14 minute read · May 31, 2023
How to Convert JSON Files Into an Apache Iceberg Tables with Dremio
· Senior Tech Evangelist, Dremio
Apache Iceberg is an open table format that enables robust, affordable, and quick analytics on the data lakehouse and is poised to change the data industry in ways we can only begin to imagine. Check out our Apache Iceberg 101 course to learn all the nuts and bolts about Iceberg. By storing your data in Apache Iceberg tables, you can run your workloads on the data without needing to duplicate it in a data warehouse while also keeping the data accessible so a variety of tools can utilize it.
This article demonstrates how Dremio Cloud can be employed to transform JSON files into an Iceberg table quickly. This enables faster query execution, running of DML transactions, and time-traveling of the dataset straight from your data lakehouse storage.
This article uses a single JSON file for simplicity’s sake, but you can follow the same steps for a dataset consisting of multiple JSON files.
Summary of the Steps
Dremio Cloud is an ideal solution for this task because it provides an access layer that is compatible with most sources, enabling you to access data stored in object storage (CSV, JSON, Parquet, etc.), relational databases, or a metastore for Apache Iceberg tables. Furthermore, Dremio allows for DML operations to be run on Iceberg tables, making it easy to convert data from any source into an Iceberg table.
You simply need to:
- Connect your Iceberg catalog.
- Upload your JSON file or connect a source with a JSON file (like S3).
CTAS the JSON file into a new Iceberg table in your catalog
(or use COPY INTO to directly copy the file into existing Iceberg table).
Step 1 – Get a Dremio Account
The first step is to get a Dremio Cloud account which offers a standard tier free of software and licensing costs (so the only cost would be AWS costs for any clusters you use to run your queries). You can get started with Dremio Cloud in minutes by following the steps highlighted in the video on the getting started page.
Step 2 – Connect Your Iceberg Catalog
You currently have three choices for your Iceberg catalog when using Dremio Cloud to write to Iceberg tables: AWS Glue, AWS S3, and Project Nessie. These can all be connected by clicking the “Add Source” button in the bottom left corner of the Dremio UI and selecting the source you want to connect.
If using an AWS Glue source:
In the source settings under “Advanced Options” add a property called “hive.metastore.warehouse.dir”. This will determine the S3 folder any Iceberg tables you create in the catalog will be written to.
If using an S3 source:
In the source settings under “Advanced Options” make sure to set the root path to the S3 directory you want the source to default to, this will be where Iceberg tables will be created in this catalog.

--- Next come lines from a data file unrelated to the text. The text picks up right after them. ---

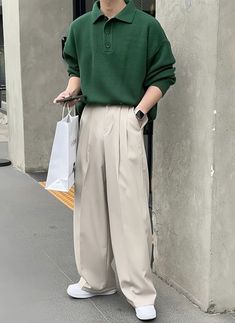 Aesthetic Outfits Men Old Money, Classy Men Aesthetic, Casual Outfit Winter, Christmas Outfit Men, Korean Street Fashion Men, Mens Smart Casual Outfits, Classy Outfits Men, Entrepreneur Fashion, Mens Casual Dress Outfits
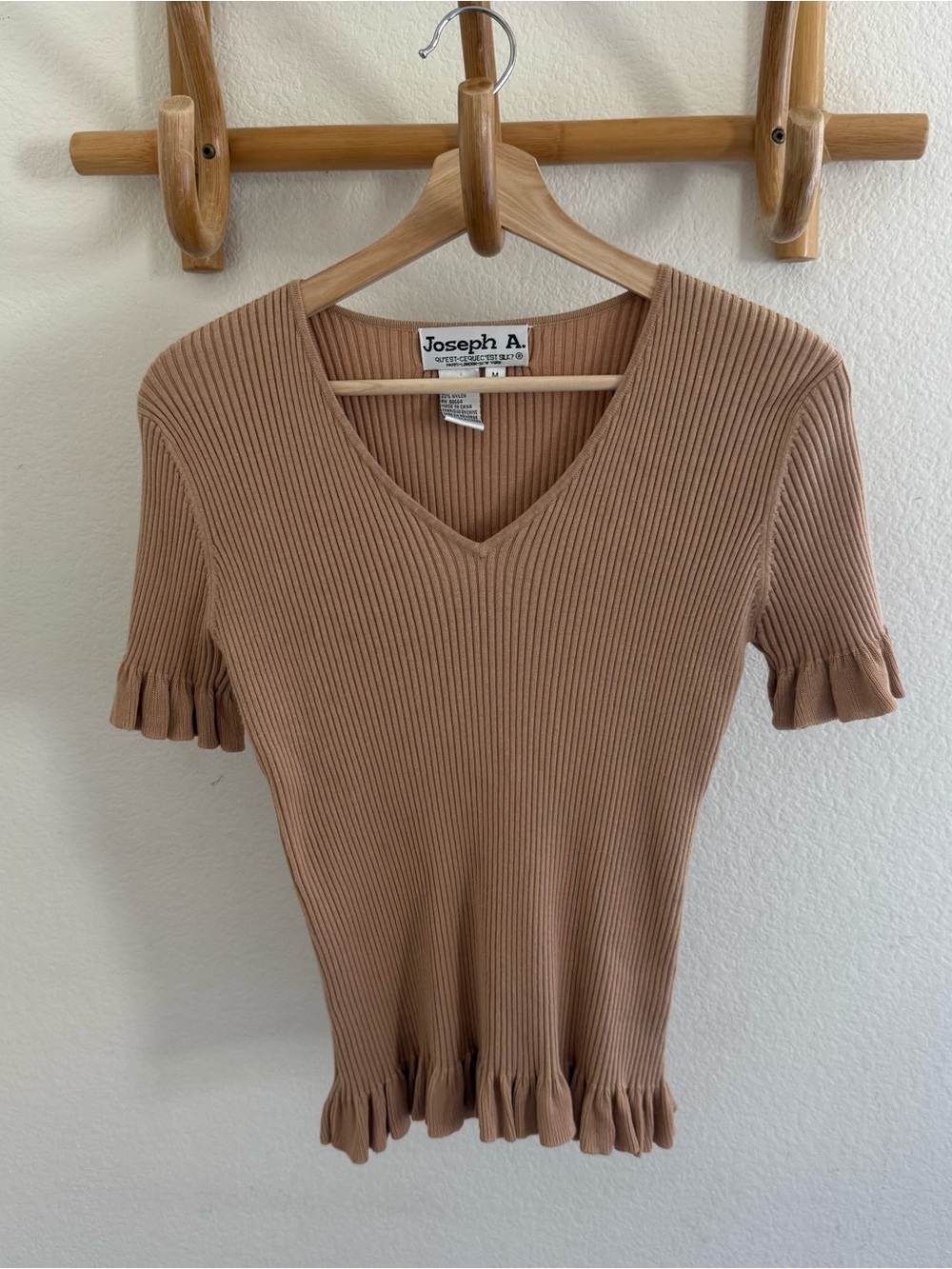 Coquette Fairycore 90s Y2K Joseph A Vintage Tan Ribbed Knit V-Neck Ruffle Top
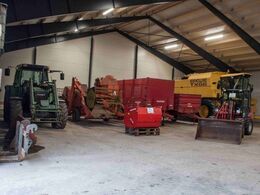 De nysgerrige kunne kigge ind i nyopført maskinhus / lade – i den ene ende landbrugsmaskiner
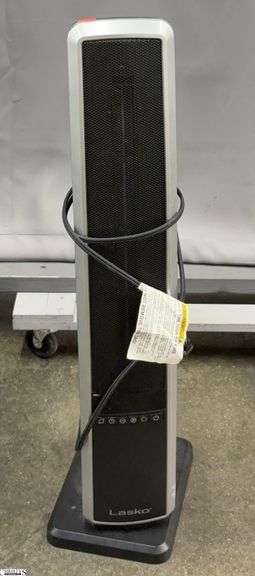 Lasko Floor Heater - 32" image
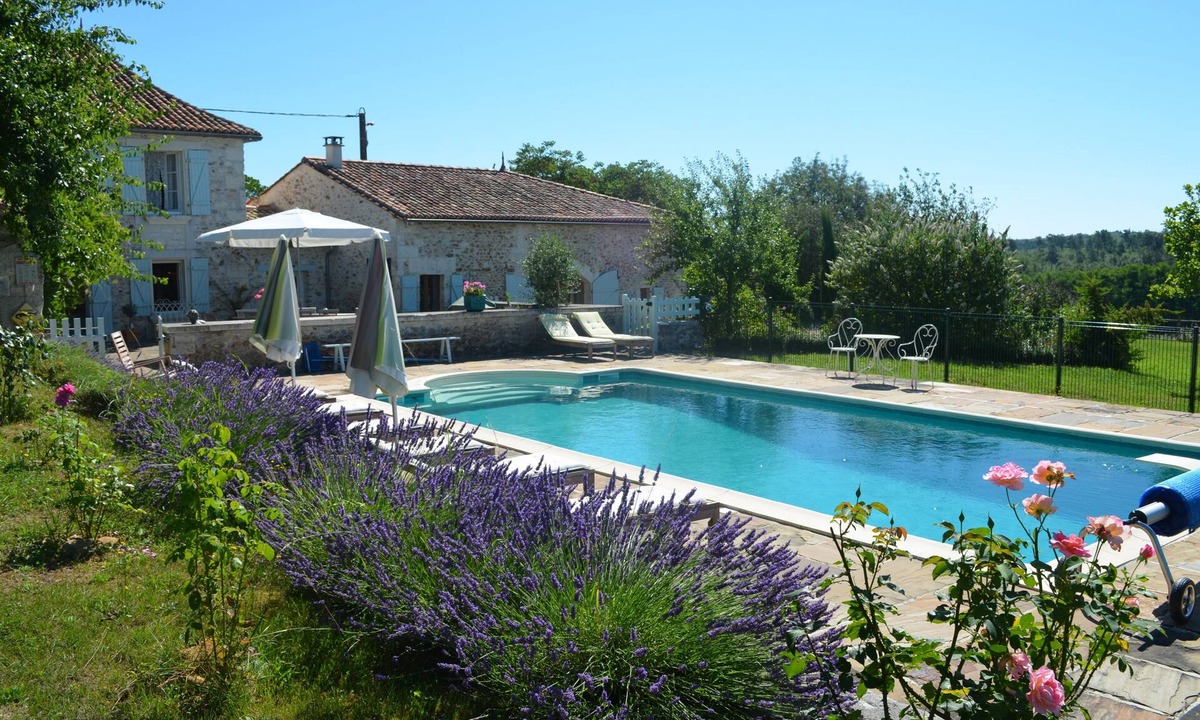Dignac House | Lovely spacious holiday country house in the Charente with private, heated pool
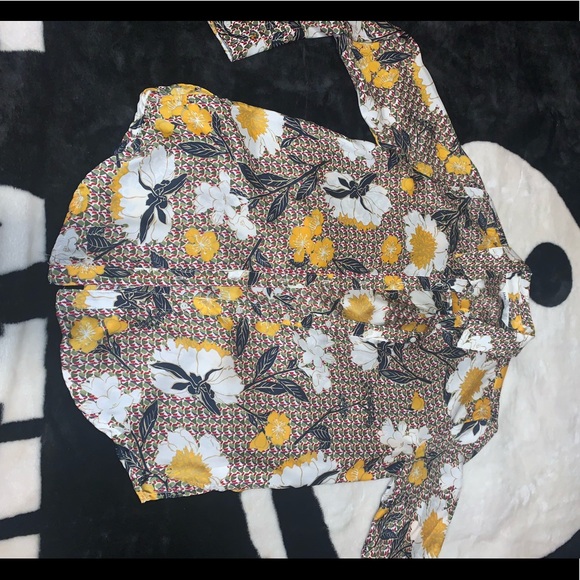 Zara Floral Button-Up Blouse - Picture 2 of 4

If using a Dremio Arctic source:
If using Dremio’s Arctic catalog as your Apache Iceberg catalog a bucket associated with your Dremio Sonar’s project-associated cloud will be assigned automatically (this can be changed in the settings of the source if you want).
Now you have two approaches you can use going forward to load your JSON data into an Apache Iceberg table:
- CTAS – The JSON must be a dataset in your Dremio Account can then create a new table via a “CREATE TABLE AS” statement from that JSON.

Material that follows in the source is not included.